Conteur exceptionnel et prolifique, Fuller fait le récit de sa vie avec le même punch, direct et crochet, que pour ses films, de Violences à Park Row à The Big Red One (Au-delà de la gloire) en passant par Pick Up on South Street (Le port de la drogue), House of Bamboo, Run of the Arrow (Le jugement des flèches), Forty Guns (Quarante tueurs), Underworld USA (Les bas-fonds new-yorkais), Shock Corridor, The Naked Kiss (Police spéciale), etc. Mais, en apôtre naïf de la vérité, il raconte son histoire au crépuscule de sa vie en tentant de présenter l'impossible troisième visage, celui que même les proches ne peuvent distinguer chez chacun d'entre nous. Issu d'un milieu modeste il construit son rêve par étapes avec une rigueur incroyable, d'abord grouillot puis journaliste, scénariste puis réalisateur, enfin producteur de ses films, s'appuyant sur son expérience et ses aventures pour rédiger des dizaines de scénarios, tournés ou pas, dans l'univers du crime, sur les champs de bataille ou dans la marathon que lui impose une profession qui n'épargne personne. Car, comme les plus grands, Stroheim, Renoir, Welles, Cassavetes, et presque tous les cinéastes en fait, son parcours est semé d'obstacles, d'arnaques et d'humiliations que son volontarisme l'aidera chaque fois à surmonter, jusqu'à sa mort en 1997.

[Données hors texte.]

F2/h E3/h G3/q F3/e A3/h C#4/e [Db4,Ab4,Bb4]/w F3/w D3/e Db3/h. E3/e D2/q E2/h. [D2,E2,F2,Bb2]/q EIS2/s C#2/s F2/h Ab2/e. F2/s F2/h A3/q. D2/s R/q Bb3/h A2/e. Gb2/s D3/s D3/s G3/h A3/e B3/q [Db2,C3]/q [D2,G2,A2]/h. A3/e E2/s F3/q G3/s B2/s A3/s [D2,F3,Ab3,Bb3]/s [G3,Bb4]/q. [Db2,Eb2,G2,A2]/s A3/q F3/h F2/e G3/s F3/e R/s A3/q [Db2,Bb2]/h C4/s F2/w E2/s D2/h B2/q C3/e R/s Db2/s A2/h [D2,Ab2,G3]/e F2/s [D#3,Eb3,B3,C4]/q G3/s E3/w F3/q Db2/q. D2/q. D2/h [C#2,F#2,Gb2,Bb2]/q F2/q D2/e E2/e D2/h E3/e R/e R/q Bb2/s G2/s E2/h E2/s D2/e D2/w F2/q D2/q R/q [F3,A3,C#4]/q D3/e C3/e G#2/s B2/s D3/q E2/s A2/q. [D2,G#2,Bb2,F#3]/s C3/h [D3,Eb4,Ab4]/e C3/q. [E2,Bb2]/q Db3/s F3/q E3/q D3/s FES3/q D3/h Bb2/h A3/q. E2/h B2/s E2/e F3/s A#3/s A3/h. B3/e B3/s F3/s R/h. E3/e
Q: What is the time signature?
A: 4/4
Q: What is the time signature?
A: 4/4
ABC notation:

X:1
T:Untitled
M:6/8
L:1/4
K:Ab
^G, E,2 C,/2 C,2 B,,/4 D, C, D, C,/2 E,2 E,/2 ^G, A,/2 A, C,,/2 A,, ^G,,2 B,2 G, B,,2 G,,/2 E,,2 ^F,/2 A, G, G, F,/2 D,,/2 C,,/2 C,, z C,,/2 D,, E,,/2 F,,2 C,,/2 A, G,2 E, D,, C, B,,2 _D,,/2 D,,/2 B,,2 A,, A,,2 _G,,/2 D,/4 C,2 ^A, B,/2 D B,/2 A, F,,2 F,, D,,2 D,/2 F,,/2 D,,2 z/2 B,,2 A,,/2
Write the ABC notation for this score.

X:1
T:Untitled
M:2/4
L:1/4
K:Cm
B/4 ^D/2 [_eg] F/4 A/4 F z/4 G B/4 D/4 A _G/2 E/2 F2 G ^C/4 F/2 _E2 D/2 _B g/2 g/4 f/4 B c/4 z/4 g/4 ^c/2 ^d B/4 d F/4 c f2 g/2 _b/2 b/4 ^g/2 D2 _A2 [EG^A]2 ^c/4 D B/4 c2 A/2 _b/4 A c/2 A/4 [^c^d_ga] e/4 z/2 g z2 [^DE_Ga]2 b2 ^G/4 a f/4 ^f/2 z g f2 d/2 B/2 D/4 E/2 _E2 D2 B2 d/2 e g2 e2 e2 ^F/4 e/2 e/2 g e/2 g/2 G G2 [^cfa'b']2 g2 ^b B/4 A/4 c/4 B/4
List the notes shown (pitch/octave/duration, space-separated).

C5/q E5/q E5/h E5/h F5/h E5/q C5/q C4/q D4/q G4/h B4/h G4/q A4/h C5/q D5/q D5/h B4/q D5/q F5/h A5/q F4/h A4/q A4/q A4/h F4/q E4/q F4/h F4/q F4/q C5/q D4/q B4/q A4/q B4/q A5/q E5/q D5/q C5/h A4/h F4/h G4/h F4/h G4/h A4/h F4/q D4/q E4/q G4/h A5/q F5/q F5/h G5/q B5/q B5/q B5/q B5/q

Né en 1912 il évoque le New York des années 20 avec la même acuité que la seconde guerre mondiale qu'il a vécue aux premières loges, du débarquement en Afrique du Nord à la libération du camp de concentration de Falkenau qu'il filme avec sa petite caméra 16mm Bell & Howell. Le portrait acerbe qu'il dessine d'Hollywood est aussi passionnant que sa vision de Paris où il vivra une quinzaine d'années sur la fin de sa vie. Le livre montre un homme intègre qui se bat contre des producteurs parfois indélicats, qui souvent donne leur premier grand rôle à des acteurs inconnus, qui dénonce l'arrogance des riches et fantasme la démocratie comme nombre d'humanistes. On se souvient de son improvisation dans Pierrot le fou de Jean-Luc Godard, lorsque Belmondo lui demande ce qu'est le cinéma et qu'il répond : "Un film est comme un champ de bataille. Amour. Haine. Action. Violence. En un mot, émotion." Son autobiographie, dictée à sa femme Christa Lang, se lit comme un roman qu'il est impossible de lâcher avant de l'avoir terminé.